WHAT NEEDS TO BE DONE —
Search the lines of the records for the word "Short", and copy every line that has it.

RECORD SET —

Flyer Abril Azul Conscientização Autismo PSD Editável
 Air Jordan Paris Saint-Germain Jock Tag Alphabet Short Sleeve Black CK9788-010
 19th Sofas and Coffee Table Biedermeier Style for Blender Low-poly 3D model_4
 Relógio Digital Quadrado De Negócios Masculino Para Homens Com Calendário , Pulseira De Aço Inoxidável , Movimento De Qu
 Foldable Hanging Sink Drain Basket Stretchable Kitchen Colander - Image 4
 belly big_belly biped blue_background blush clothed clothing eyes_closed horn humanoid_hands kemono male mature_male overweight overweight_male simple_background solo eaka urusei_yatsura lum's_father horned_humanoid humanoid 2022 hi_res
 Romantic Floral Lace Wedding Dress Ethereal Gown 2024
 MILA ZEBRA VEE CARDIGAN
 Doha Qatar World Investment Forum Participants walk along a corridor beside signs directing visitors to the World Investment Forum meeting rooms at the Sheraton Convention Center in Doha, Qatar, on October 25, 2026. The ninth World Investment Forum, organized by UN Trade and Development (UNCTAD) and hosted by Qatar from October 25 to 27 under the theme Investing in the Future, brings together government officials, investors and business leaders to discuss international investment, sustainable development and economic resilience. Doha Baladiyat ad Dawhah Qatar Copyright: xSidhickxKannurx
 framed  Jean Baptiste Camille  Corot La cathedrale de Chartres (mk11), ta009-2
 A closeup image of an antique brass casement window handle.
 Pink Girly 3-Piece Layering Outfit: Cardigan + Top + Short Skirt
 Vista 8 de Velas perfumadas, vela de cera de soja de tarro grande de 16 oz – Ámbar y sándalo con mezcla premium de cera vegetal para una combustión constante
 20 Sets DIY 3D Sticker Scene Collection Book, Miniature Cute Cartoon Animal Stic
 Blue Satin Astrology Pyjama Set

FINISHED TASK —
 Air Jordan Paris Saint-Germain Jock Tag Alphabet Short Sleeve Black CK9788-010
 Pink Girly 3-Piece Layering Outfit: Cardigan + Top + Short Skirt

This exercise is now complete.